Mekanisme pengadaan secara langsung ini, juga bertabrakan dengan SK Direksi Nomor 0387/SK/DIR-UMU/2020 tentang Standar Operasional Prosedur Pengadaan Barang/Jasa.
Pengadaan yang bernilai Rp1 miliar ke atas wajib menggunakan skema tender. Manajemen BJB berdalih tidak membuka lelang proyek ini karena khawatir gagal lelang. Namun, klaim ini dalam laporan BPK dimentahkan lantaran tidak ada bukti.
Kapan tersangka dijebloskan ke tahanan?
Tim penyidik Komisi Pemberantasan Korupsi (KPK) sudah menetapkan 5 tersangka. "KPK sedang menangani perkara dugaan tindak pidana korupsi dalam pengadaan barang dan jasa, terkait iklan BJB," kata Direktur Penyidikan KPK, Asep Guntur Rahayu kepada wartawan, Bogor, Jawa Barat.
Informasi, terdapat lima tersangka dalam kasus tersebut. Dua diantaranya dari pihak internal BJB, 3 lainnya merupakan pihak swasta. Adapun nilai penempatan dana iklan itu, lebih dari Rp100 miliar. Diduga terjadi penggelembungan alias mark-up pada penempatan dana iklan BJB, yang mengakibatkan kerugian negara.

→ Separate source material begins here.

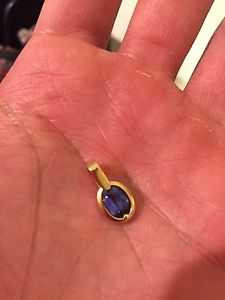 18k gold pendant with non treated sapphire (above 1ct)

Untuk saat ini, Asep enggan mengungkap identitas pihak yang dijerat. Dia juga belum membeberkan konstruksi perkara kasus ini. "Pada waktunya nanti akan diumumkan," kata Asep.
Informasinya, dugaan mark-up dana penempatan iklan Bank BJB ini, terjadi sepanjang 2021-2023. Total kerugian diperkirakan Rp200 miliar.

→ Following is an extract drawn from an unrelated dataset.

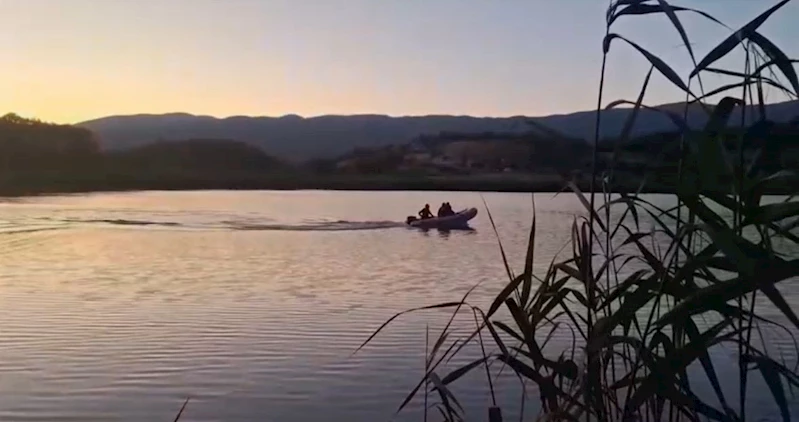 Bolu’da gölde kaybolan genç için ekipler seferber oldu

Dalam praktiknya, dana yang seharusnya dialokasikan Rp200 juta untuk sekali pasang iklan di media, diduga digelembungkan menjadi Rp400 juta.

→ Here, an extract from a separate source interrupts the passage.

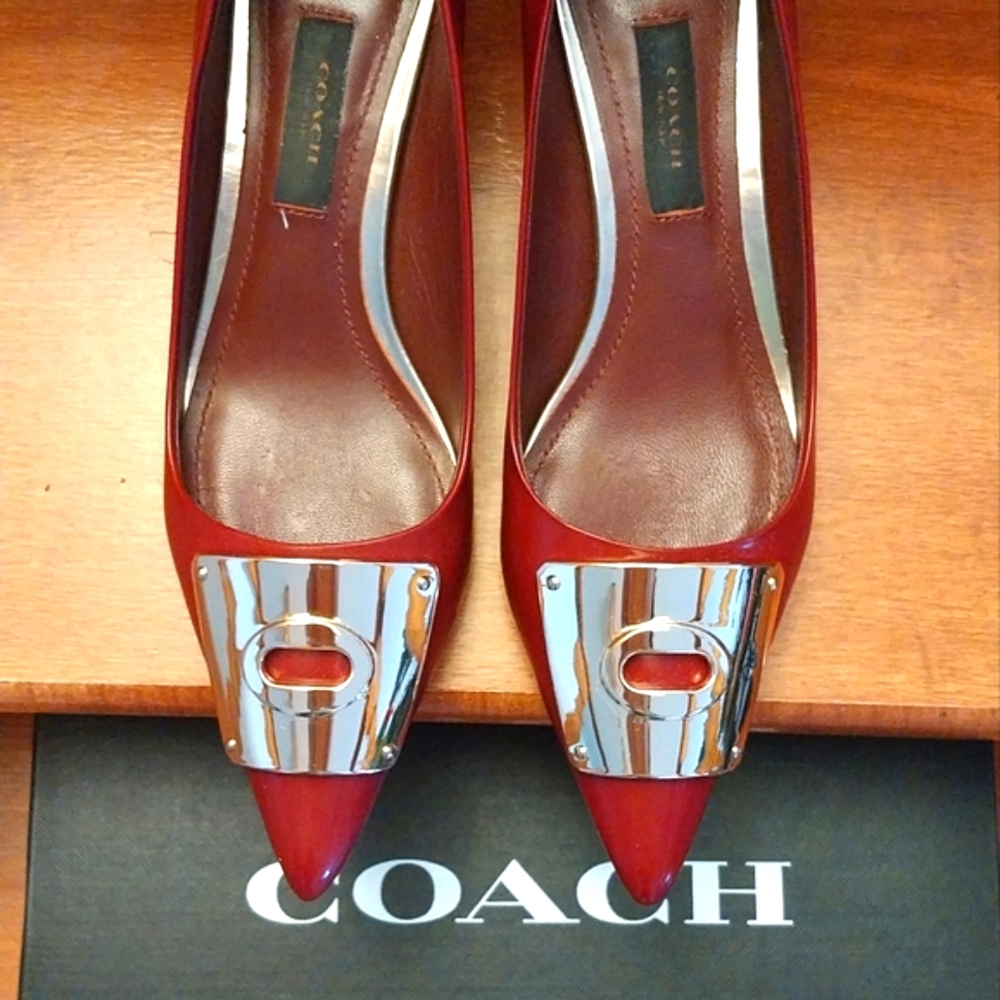 Coach Lawrence Box Leather Calf heel with gold hardware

Dana mark-up itu, diduga mengalir ke sejumlah pihak termasuk petinggi BJB. Penyidik KPK, saat ini tengah mendalami ke mana aliran dana hasil penggarongan itu. Kasus dugaan korupsi seperti ini tidak hanya merugikan keuangan negara, tetapi juga merusak kepercayaan publik terhadap institusi keuangan dan pemerintah daerah.
Usut tuntas!
harus segera mengusut tuntas dan menahan para tersangka dalam kasus dugaan korupsi penempatan dana iklan PT Bank Pembangunan Daerah Jawa Barat dan Banten Tbk (BJB).
Hal itu disampaikan pakar hukum pidana, Hudi Yusuf saat ditemui Monitorindonesia.com di kawasan Jakarta Timur merespons banyaknya kasus dugaan rasuah yang mandek di KPK, salah satunya kasus markup dana iklan Bank BJB sekitar Rp 200 miliar itu, Sabtu (4/1/2025).
"Jika kasus ini tak segera diungkap tuntas dan dibiarkan mandek begitu saja, saya khawatir negara juga ikutan rugi. Hitung saja anggaran KPK sekarang berapa ya kan. Kasus mandek ya negara juga rugi lah, mereka kan digaji," tegas Hudi.
Jika sudah memenuhi dua alat bukti yang sah, kata Hudi, KPK tak ada alasan untuk menutupi identitas para tersangka. Namun tegas dia, hal yang menjadi persoalan sekarang adalah apakah KPK sudah menaikkan kasus ini ke tahap penyidikan ataukah belum.
"Perbedaan pernyataan dari dua pejabat KPK, Dirdik KPK dan Jubir belum lama ini kan jadi pertanyaan juga ada apa dengan internal KPK itu. Jangan membuat kesan bahwa KPK tak kompak mengusut kasus ini. Apakah ada dugaan intervensi dalam kasus ini sebab diduga melibatkan banyak pihak hingga oknum auditor?" tanya Hudi.
Hudi menambahkan, bahwa jikalau saja KPK mengusut kasus ini dengan tuntas, bukan tidak mungkin bakal banyak yang terseret. Dari pihak Bank BJB hingga media ataupun TV diduga kecipratan dana itu.
"KPK di bawah kepemipinan Setyo Budiyanto saya kira KPK sudah cukup punya taring menggigit para koruptor ya. Apa lagi baru 4 hari kemarin, Setyo sudah menyeret Hasto Kristiyanto dalam pusaran kasus Harun Masiku. Maka harapan saya begitu juga kepada kasus Bank BJB ini. Jangan pandang bulu lah sekalipun salah satu pelakunya dari unsur atau oknum auditor," tukas Hudi yang juga seorang pengacara.